Re: get_fs_excl/put_fs_excl/has_fs_excl

Jamie Lokier <jamie@xxxxxxxxxxxxx> · Mon, 27 Apr 2009 15:47:42 +0100

Theodore Tso wrote:
> *) Do we only care about processes whose I/O priority is below the
>    default?  (i.e., either in the idle class, or in a low-priority
>    best efforts class) What if the concern is a real-time process
>    which is being blocked by a default I/O priority process taking its
>    time while holding some fs-wide resource?
> 
>    If the answer to the previous question is no, it becomes more
>    reasonable to consider bump the submission priority of the process
>    in question to the highest priority "best efforts" level.  After
>    all, if this truly is a "filesystem-wide" resource, then no one is
>    going to make forward progress relating to this block device unless
>    and until the filesystem-wide lock is resolved.  Also, if we don't
>    allow this situation to return to userspace, presumably the
>    kernel-code involved will only be writing to the block-device in
>    question.  (This might not be entirely true if in the case of the
>    sendfile(2) syscall, but currently we can only read from
>    filesystems with sendfile, and so presumably a filesystem would
>    never call get_fs_excl why servicing a sendfile request.)
> 
> *) Is implementing the bulk of this in the cfq scheduler really the
>    best place to do this?  To explore something completely different,
>    what if the filesystem simply explicitly set I/O priority levels in
>    its block I/O submissions, and provided optional callback functions
>    which could be used by the page writeback routines to determine the
>    appropriate I/O priority level that should be used given a
>    particular filesystem and inode number.  (That actually could be
>    used to provide another cool function --- we could expose to
>    userspace the concept that particular inode should always have its
>    I/O go out with a higher priority, perhaps via chattr flag.)
> 
>    Basically, the argument here is that we already have the
>    appropriate mechanism for ordering I/O requests, which is I/O
>    priority mechanism, and the policy really needs to be set by the
>    filesystem --- and it might be far more than just "do we have a
>    filesystem-wide exclusive lock" or not.

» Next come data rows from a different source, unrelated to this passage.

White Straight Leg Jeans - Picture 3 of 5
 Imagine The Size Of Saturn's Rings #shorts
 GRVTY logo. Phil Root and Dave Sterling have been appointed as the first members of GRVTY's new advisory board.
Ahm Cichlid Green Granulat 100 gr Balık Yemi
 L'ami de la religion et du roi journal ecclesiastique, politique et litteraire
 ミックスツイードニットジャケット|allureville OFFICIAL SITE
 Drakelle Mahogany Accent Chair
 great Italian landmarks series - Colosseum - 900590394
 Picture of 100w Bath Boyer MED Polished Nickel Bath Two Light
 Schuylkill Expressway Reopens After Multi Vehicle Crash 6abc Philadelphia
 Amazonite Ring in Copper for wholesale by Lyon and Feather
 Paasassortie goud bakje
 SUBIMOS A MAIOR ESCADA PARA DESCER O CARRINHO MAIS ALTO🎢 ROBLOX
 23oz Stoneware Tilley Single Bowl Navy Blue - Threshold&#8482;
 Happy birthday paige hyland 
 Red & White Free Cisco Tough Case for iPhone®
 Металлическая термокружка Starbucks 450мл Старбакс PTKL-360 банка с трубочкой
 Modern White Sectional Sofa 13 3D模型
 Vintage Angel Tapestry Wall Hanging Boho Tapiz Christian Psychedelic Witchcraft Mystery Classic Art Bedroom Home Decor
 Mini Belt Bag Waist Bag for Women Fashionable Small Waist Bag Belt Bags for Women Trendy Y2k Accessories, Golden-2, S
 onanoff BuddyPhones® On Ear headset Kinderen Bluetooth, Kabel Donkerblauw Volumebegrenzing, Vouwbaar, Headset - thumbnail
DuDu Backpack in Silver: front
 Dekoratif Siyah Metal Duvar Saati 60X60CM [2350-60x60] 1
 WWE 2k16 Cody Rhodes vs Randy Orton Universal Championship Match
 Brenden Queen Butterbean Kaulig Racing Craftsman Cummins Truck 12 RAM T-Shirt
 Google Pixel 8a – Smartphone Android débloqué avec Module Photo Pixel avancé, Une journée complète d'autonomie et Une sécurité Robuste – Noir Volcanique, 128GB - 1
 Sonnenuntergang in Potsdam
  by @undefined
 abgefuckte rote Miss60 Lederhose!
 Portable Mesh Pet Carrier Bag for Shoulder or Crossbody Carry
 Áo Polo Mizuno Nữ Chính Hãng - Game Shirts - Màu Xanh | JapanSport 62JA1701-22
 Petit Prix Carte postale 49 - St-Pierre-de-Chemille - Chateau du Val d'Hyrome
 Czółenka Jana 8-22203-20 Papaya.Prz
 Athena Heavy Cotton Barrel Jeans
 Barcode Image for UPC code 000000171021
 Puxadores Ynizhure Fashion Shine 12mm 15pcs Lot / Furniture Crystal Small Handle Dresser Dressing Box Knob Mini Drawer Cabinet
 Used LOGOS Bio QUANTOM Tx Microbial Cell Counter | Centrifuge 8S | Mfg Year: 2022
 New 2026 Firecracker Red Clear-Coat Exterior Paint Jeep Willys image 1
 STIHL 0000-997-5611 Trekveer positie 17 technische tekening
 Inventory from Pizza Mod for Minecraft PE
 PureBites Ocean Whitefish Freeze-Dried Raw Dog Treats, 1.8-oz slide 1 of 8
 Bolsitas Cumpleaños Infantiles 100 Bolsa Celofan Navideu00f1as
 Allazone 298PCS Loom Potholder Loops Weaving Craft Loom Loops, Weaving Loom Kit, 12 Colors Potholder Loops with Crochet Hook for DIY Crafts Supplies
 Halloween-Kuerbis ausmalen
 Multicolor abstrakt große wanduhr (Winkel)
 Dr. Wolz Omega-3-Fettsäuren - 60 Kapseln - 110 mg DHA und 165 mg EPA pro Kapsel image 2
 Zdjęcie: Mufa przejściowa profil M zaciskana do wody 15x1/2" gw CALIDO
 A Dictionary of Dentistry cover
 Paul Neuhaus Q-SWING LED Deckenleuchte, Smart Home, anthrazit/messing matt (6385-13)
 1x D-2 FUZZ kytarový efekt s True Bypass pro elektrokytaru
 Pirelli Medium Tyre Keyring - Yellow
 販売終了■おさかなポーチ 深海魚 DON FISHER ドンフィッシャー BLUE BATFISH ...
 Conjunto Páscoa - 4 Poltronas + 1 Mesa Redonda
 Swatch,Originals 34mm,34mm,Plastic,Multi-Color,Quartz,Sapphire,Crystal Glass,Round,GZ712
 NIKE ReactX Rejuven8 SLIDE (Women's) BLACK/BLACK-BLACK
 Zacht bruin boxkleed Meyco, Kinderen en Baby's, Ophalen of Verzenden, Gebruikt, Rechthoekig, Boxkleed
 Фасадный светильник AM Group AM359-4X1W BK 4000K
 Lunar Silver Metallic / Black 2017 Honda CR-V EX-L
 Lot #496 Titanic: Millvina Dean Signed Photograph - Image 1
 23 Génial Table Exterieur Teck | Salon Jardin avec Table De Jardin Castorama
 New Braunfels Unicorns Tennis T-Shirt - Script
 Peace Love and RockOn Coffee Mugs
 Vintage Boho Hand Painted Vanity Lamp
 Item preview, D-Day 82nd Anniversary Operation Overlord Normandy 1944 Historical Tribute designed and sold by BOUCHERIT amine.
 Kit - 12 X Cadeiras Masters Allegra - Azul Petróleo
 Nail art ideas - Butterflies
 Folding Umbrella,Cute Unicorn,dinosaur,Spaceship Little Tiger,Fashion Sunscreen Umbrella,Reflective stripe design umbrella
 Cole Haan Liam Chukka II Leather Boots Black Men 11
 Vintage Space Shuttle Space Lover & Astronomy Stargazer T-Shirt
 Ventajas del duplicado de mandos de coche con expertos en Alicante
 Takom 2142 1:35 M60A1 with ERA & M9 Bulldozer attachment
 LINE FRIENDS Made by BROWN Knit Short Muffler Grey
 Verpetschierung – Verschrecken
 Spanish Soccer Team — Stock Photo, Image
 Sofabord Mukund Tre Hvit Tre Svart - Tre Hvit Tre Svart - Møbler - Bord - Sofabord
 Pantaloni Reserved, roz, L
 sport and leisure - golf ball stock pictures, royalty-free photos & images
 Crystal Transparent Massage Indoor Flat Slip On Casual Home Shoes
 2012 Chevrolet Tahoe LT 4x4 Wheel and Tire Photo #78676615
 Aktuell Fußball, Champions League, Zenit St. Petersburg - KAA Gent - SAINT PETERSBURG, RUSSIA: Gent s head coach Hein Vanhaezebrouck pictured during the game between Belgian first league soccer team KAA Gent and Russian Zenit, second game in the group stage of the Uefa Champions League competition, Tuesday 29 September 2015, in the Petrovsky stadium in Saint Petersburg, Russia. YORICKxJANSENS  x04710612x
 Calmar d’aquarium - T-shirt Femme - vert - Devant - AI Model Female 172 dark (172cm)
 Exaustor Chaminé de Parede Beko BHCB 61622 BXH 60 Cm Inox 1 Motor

Personally, I'm interested in the following:

    - A process with RT I/O priority and RT CPU priority is reading
      a series of files from disk.  It should be very reliable at this.

    - Other normal I/O priority and normal CPU priority processes are
      reading and writing the disk.

I would like the first process to have a guaranteed minimum I/O
performance: it should continuously make progress, even when it needs
to read some file metadata which overlaps a page affected by the other
processes.  I don't mind all the interference from disk head seeks and
so on, but I would like the I/O that the first process depends on to
have RT I/O priority - including when it's waiting on I/O initiated by
another process and the normal I/O priority queue is full.

So, I'm not exactly sure, but I think what I need for that is:

    - I/O priority boosting (re-queuing in the elevator) to fix the
      inversion when waiting on I/O which was previously queued with
      normal I/O priority, and

    - Task priority boosting when waiting on a filesystem resource
      which is held by a normal priority task.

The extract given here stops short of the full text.